The Aroma of Tacoma Smells Like a Can of STFU.

October 24, 2011

Back in 2009, Washington State Governor Christine Gregiore signed SB 5688, the so-called “Everything But Marriage” act. Source. Shortly thereafter, a group of concerned citizens calling themselves Protect Marriage Washington got enough signatures to place a referendum challenging the bill. Protecting marriage from what, exactly, remains a mystery but Imma call them “The Protectors” anyway. No word on if they have capes with an Xed-out picture of two guys holding hands. Anyway, shortly after Washington Secretary of State Gary Reed determined the signatures were valid, he received a public records request under Wash. Rev. Code §42.56.001 for the names and addresses of the 137,000 signatory Protectors. The Protectors didn’t like that one bit and asked for a preliminary injunction to prevent Secretary Reed from complying with the request. They are trying to say that disclosing their names and addresses violates the First Amendment because referendum petitions are political speech and the resulting harassment they would (allegedly) receive would stifle that speech. This case wound its way all the way to the Supreme Court. Here’s the Opinion: Doe v. Reed.

Boiled down, the Protector’s main gripe is that the government’s interest in preventing voter fraud and the integrity of the electoral process pales in comparison to the stifling of their first amendment rights because the public records request was made to harass them for their political views. The Big Dogs didn’t buy it. Justice Stevens’ concurrence sounded a little like “Why the hell are we even here?” so that was a treat.  But the Nine did recognize that disclosure requirements could stifle speech in some cases and even allowed for an exemption if there is a “reasonable probability that the disclosure would result in threats or harassment.” They didn’t address whether the request was unconstitutional as applied to this particular petition, so the parties got sent packing back to the District Court in Tacoma to figure it out. Both promptly filed motions for summary judgment. Source.

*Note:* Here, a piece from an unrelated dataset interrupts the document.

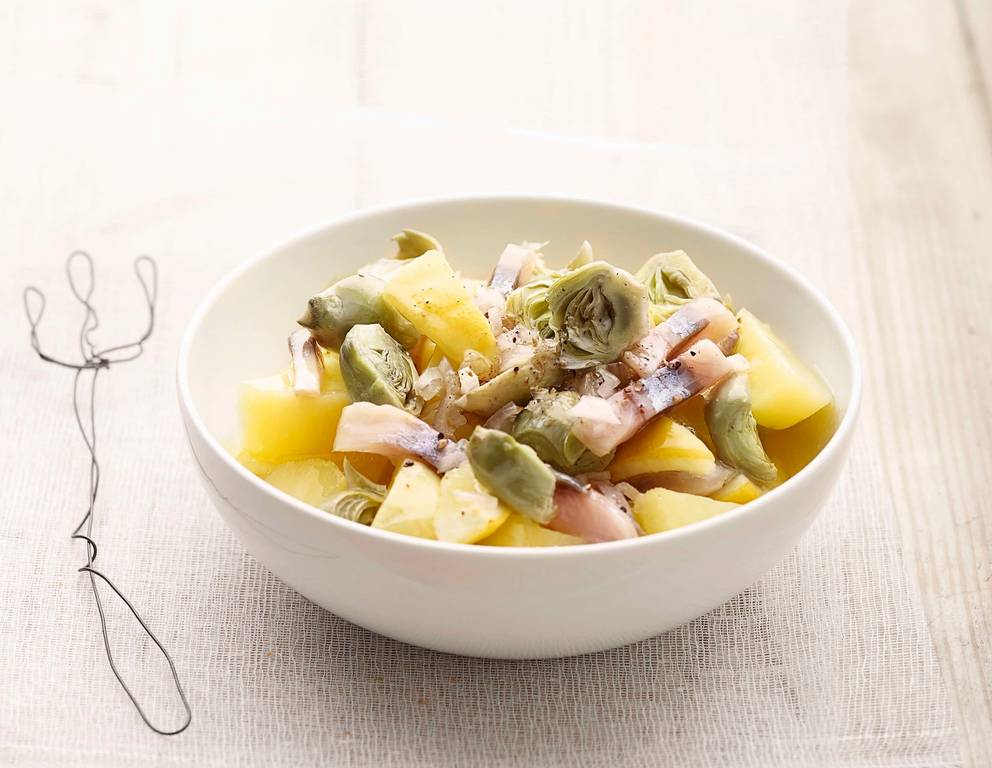 Räucherheringssalat mit Zitronen und Artischocken Räucherheringssalat mit Zitronen und Artischocken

The Protectors tried to convince the Court that they should be afforded the disclosure exemption because their paltry 137,000 signers are a minority party akin to the NAACP in 1958 or the 60 member Socialist Party in 1976.  Really Protectors? Really? Anyway, Judge Settle disagrees. And even if the Protectors could be granted minority status, they still would have had to produce…uhm….oh yeah. Evidence. But, awshucks, they couldn’t come up with anything to show that they had experienced harassment, threats, or reprisals due to their involvement with the referendum. Oh-did I mention several of the Protectors posted YouTube videos, had television and radio interviews, stood on street corners with signs, testified before the Washington State Legislature, collected signatures in front of Wal Mart and Target, put signs in their front yards, had bumper stickers on their cars, and published articles about their anti-gay position? Yeah, they did that. But we need to protect their anonymity because they might be harassed because of this stupid petition.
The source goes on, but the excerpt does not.